Brief descriptive captions

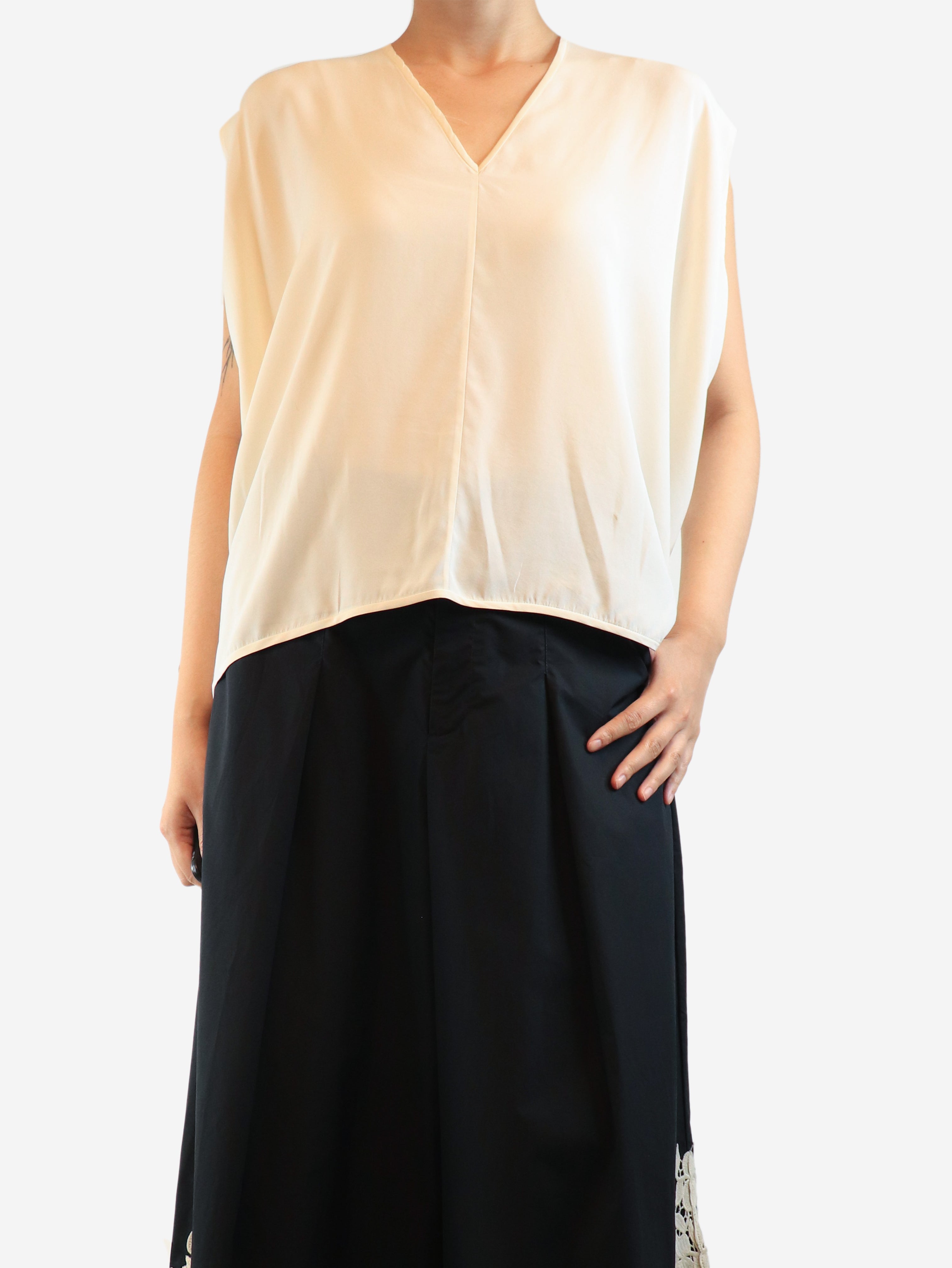 Cream silk sleeveless top - size UK 8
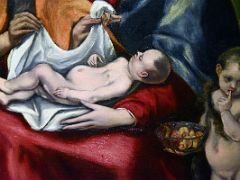04C The Holy Family - El Greco 1586-88 Detail Baby Jesus and Saint John The Baptist Museum of Santa Cruz Toledo Spain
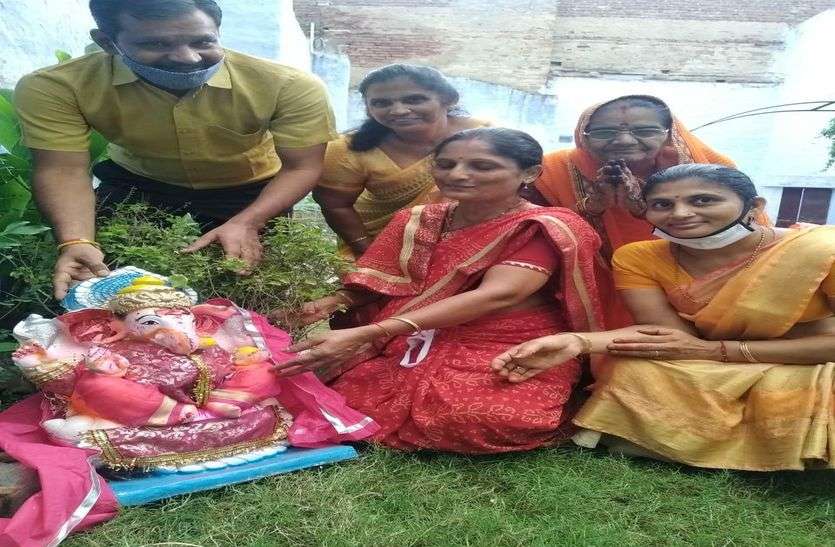 Immersion of Ganesh idols in bhilwara गणेश प्रतिमाओं का विसर्जन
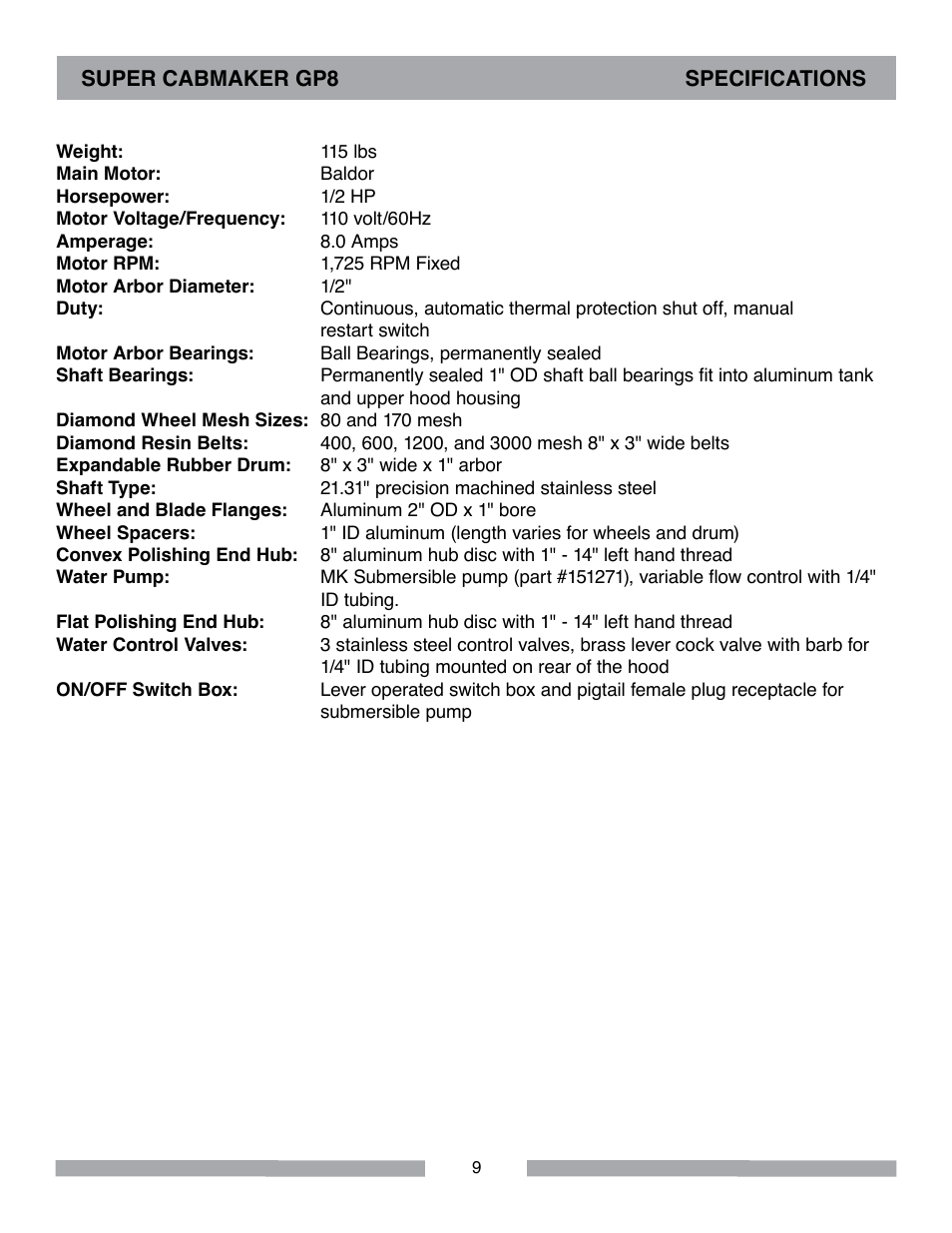 Barranca Diamond SUPER CABMAKER-GP8 User Manual | Page 9 / 32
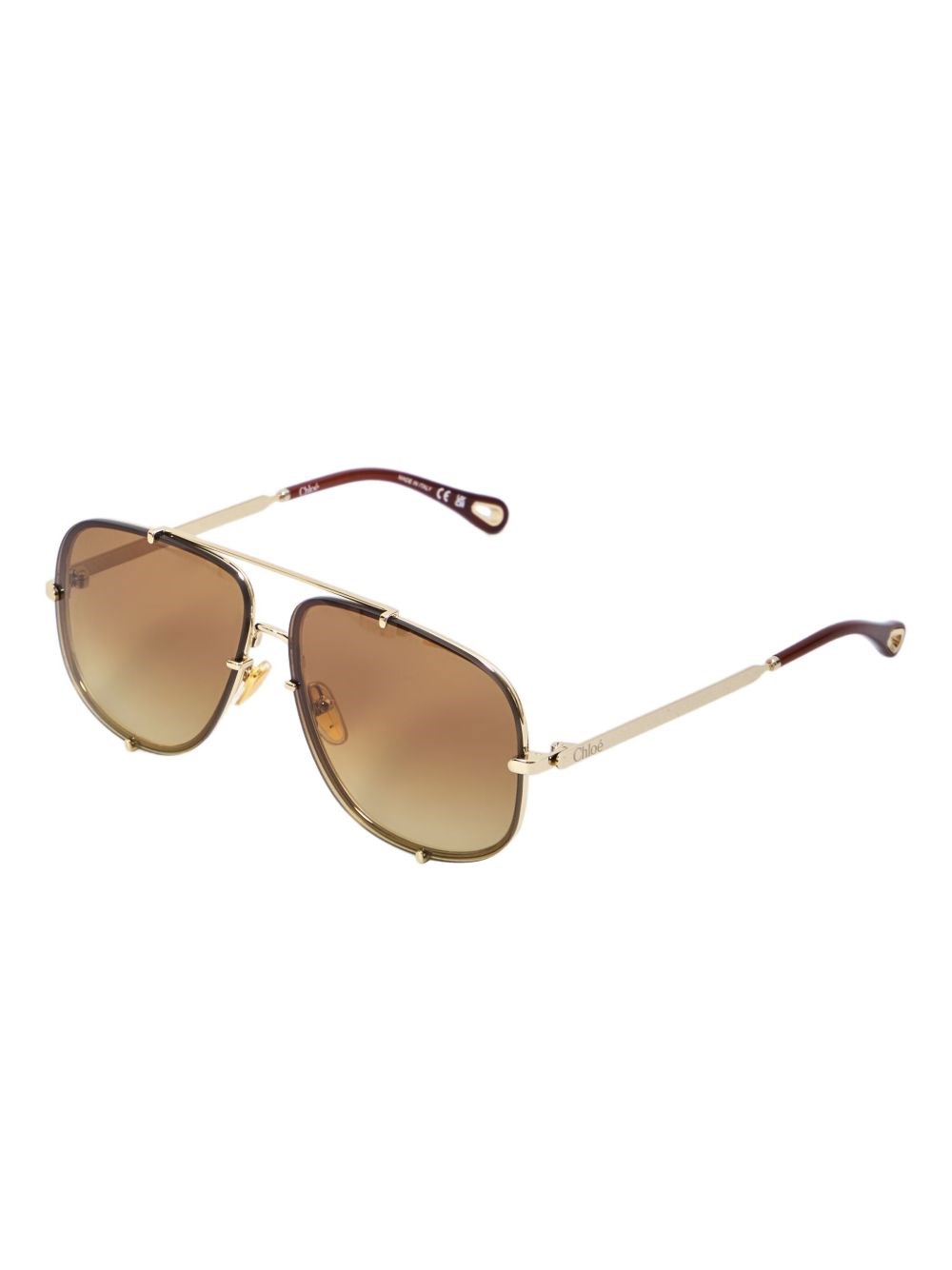 Chloé Aviator Teardrop Gradient Sunglasses In Gold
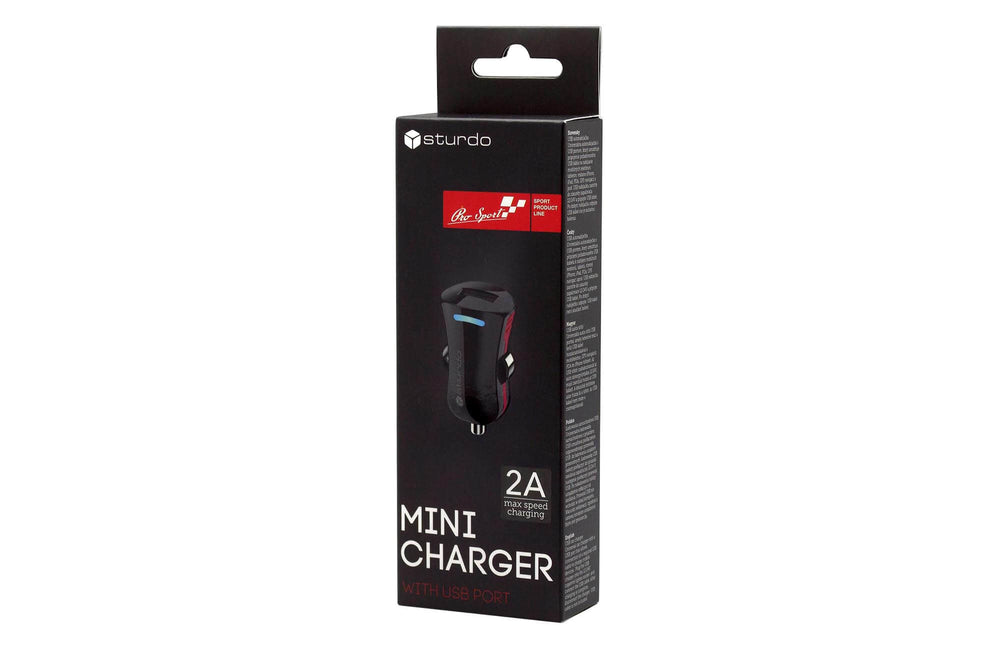Sturdo Pro Sport Series mini încărcător auto USB negru 1xUSB, 2A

### Exercise objective
A faithful copy of every record is needed here. Leave the images out of it.

### Written reply
 Cream silk sleeveless top - size UK 8
04C The Holy Family - El Greco 1586-88 Detail Baby Jesus and Saint John The Baptist Museum of Santa Cruz Toledo Spain
 Immersion of Ganesh idols in bhilwara गणेश प्रतिमाओं का विसर्जन
 Barranca Diamond SUPER CABMAKER-GP8 User Manual | Page 9 / 32
 Chloé Aviator Teardrop Gradient Sunglasses In Gold
Sturdo Pro Sport Series mini încărcător auto USB negru 1xUSB, 2A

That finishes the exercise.